Так радостно запела славка, Как будто жизнь из-под прилавка Достала то, на что она, Как правило, весьма бедна: Веселье, счастье, принадлежность К тому, что вызывает нежность.

 

«А в России живя, мы загнуться рискуем…»

А в России живя, мы загнуться рискуем, Вне пределов её по России тоскуем — По безумной, опасной, несчастной, родной, По России, что быть не способна иной — Дружелюбной, весёлой, счастливой, терпимой, Жизнью нежно обласканной, с ней совместимой.

 

«Не умирайте, Бога ради…»

Не умирайте, Бога ради, Пока находитесь в осаде, В плену у майских соловьёв, Которые со всех краёв Стреляют в нас на пораженье.
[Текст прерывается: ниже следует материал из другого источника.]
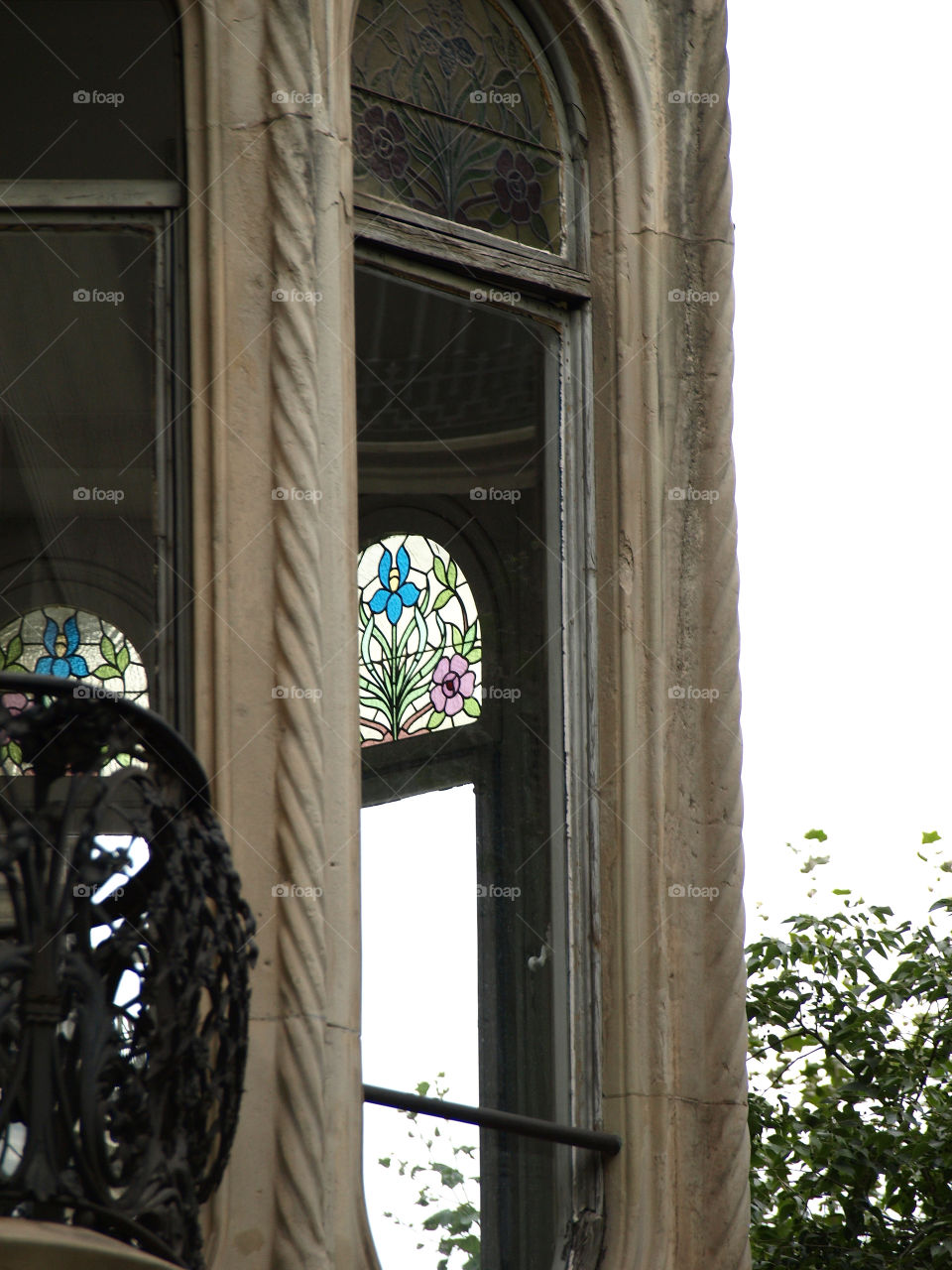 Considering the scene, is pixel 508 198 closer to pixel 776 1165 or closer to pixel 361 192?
pixel 361 192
Да не прорвать нам окруженье И да не выйти из кольца, И да не ведать нам конца, И да не снимут с нас блокаду, Вдруг взяв да оборвав руладу.

 

«Столько разных причин, по которым желательно жить…»

Столько разных причин, по которым желательно жить. Я едва ли смогу перечислить их все, если спросят. Например, я люблю, как весна небеса купоросит, Как умеют нам голову майские ветры кружить, И как змейкой течёт по стеклу дождевая вода, И что жизнь нам отчёт не даёт ни о чём, никогда.

 

«Слова хороши только те, что не в силах сказать…»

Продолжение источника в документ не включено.